Monday, December 27, 2010

A mobbing in Putnam County

In Putnam county, Tennessee. February 14th, 1885, Elders Joseph Franklin Miller and George Wilson were at the Rutledge home helping them prepare for emigration to Zion, and had just finished nailing the last packing box shut. Elder Miller decided to go to the Samples home for “some pop corn and a popper to help pass the night away.” As he left he heard the neighbors’ dog barking and thought it odd that the dog would see him a such a distance. Turns out the dog was barking at a mob of about 22 men. They had just left the Sample home looking for the Mormon missionaries, and were on their way to the Rutledge home. As luck would have it, they missed Elder Miller in the dark. Elder Miller didn’t see them and so continued on unaware to the Samples home.

Meanwhile the mob arrived at the Rutledge home where they convinced Elder Wilson to accompany them, with a promise that he not be hurt.
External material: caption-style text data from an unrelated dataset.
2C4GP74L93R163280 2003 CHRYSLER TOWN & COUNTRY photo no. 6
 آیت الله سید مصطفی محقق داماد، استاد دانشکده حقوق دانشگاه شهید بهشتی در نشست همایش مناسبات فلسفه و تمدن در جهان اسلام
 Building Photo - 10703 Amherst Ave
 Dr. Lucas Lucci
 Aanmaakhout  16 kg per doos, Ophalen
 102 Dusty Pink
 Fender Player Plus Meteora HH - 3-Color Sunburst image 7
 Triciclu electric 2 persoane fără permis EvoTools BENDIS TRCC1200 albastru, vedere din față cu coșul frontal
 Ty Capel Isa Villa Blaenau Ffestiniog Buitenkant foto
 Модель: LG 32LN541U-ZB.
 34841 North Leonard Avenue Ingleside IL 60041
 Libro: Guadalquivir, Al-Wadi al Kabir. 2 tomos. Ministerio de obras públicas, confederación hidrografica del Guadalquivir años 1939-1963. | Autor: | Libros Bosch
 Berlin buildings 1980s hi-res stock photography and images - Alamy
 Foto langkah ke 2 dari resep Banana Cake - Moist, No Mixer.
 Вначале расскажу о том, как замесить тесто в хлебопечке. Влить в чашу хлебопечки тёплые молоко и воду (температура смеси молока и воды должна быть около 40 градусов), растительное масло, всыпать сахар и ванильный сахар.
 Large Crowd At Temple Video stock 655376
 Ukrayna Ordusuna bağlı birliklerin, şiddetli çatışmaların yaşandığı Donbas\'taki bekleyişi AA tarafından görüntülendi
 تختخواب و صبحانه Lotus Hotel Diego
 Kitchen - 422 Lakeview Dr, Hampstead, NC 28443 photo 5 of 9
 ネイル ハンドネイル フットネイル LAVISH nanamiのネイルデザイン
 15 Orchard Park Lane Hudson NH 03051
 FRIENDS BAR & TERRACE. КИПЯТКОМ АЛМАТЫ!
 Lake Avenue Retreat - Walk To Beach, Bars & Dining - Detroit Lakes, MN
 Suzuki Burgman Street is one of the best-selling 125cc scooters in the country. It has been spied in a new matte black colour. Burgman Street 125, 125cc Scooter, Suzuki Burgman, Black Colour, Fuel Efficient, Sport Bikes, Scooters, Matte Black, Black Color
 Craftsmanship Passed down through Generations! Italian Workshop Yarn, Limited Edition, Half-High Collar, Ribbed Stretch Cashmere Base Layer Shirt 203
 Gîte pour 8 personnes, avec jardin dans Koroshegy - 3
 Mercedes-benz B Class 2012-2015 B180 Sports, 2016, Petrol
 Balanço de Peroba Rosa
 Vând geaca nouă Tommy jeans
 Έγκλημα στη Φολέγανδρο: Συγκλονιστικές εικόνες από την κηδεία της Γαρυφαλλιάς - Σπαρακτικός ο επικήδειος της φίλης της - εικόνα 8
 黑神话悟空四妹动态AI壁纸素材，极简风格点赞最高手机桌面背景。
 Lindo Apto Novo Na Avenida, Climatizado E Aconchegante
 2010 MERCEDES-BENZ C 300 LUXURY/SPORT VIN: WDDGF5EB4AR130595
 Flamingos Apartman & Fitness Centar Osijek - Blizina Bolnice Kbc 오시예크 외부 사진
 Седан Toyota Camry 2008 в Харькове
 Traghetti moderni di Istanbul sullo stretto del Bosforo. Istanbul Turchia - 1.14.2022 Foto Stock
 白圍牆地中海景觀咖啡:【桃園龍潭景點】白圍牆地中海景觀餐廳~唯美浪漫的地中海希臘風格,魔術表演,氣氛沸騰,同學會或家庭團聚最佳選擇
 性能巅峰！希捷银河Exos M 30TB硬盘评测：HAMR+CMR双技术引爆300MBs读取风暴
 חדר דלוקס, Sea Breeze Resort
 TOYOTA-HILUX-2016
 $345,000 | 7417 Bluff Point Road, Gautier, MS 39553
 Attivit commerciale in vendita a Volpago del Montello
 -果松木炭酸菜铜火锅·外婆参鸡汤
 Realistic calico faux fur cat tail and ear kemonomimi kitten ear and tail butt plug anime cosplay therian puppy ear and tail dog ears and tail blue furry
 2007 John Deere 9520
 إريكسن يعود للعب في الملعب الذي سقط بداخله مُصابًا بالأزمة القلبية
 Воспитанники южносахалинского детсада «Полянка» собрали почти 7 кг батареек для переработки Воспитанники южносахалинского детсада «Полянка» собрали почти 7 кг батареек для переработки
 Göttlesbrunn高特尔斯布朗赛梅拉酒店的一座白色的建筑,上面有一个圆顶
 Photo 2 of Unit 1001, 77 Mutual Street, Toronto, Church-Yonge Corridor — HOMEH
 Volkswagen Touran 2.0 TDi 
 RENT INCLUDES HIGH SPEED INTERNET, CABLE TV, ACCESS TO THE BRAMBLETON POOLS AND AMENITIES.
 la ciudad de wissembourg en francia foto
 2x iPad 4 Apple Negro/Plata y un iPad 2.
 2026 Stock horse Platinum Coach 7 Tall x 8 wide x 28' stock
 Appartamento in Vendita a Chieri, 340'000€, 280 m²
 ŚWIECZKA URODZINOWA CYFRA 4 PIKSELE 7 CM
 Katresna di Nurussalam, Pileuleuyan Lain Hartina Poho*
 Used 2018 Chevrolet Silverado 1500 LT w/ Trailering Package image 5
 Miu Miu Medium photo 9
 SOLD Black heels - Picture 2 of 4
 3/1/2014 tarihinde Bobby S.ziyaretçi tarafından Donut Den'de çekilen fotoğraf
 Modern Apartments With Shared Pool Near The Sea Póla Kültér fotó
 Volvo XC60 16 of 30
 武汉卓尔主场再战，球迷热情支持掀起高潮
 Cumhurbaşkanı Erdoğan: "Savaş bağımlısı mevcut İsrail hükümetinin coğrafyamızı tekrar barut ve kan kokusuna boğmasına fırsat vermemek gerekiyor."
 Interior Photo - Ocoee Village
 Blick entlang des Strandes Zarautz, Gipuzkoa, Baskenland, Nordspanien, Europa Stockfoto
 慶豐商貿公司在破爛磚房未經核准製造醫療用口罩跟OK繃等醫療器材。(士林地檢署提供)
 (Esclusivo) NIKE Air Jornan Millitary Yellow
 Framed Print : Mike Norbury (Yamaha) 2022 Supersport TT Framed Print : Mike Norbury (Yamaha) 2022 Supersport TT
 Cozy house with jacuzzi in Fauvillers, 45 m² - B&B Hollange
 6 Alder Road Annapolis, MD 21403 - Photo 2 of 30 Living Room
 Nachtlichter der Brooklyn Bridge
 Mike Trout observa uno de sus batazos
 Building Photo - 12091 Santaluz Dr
As they left towards the woods they asked for Elder Miller and was told truthfully that he was back towards the other home. When Brother Rutledge tried to come along, however, was refused permission to join them.

While in the woods, the mob searched Elder Wilson. He freely offered that he had nothing but a knife on him, which he gave to them when he was asked. But then an argument broke out among the men saying that “neither his money nor any of his things should be taken from him.” Someone obviously in authority ordered that his knife be returned to him, which it promptly was.

The mob led him back to their horses and they rode him off about a hundred yards. There he was left with two guards while the other returned to the Samples house to look for Elder Miller. One mobber said that he didn’t “give a damn to get any of them but Miller.” “Miller came out to preach” said another snarlingly. “Yes” said a third “he’s a real hellcat.”

Meanwhile Elder Miller arrived at the Sample home where several sisters were popping corn. While he waited in the other room, Sister Rutledge’s baby awoke and started crying. For some reason only Elder Miller could comfort the child. She even preferred him to her own mother. After finally calming the child back to sleep, Elder Miller started back to the Rutledge home with pop corn and a popper. But found no one there. Confused and still unaware of the mob, Elder Miller was startled by voices outside the home. But for some reason he felt prompted not to investigate. Instead he knelt and said a prayer. Immediately he felt calm, and settled down to stoke up the fire. It wasn’t long before sister Lambert and sister Rutledge came to the house and warned him of the mob. Thinking the mob was right behind the sisters, Elder Miller quickly went into the woods and hid.

At the same time Elder Wilson was being questioned by the two left to guard him. They would sometimes step away to converse with each other privately. Elder Wilson thought he heard them arguing about whether to kill him or not. But before either one had the chance to try it, the rest of the mob returned empty handed from searching for Elder Miller.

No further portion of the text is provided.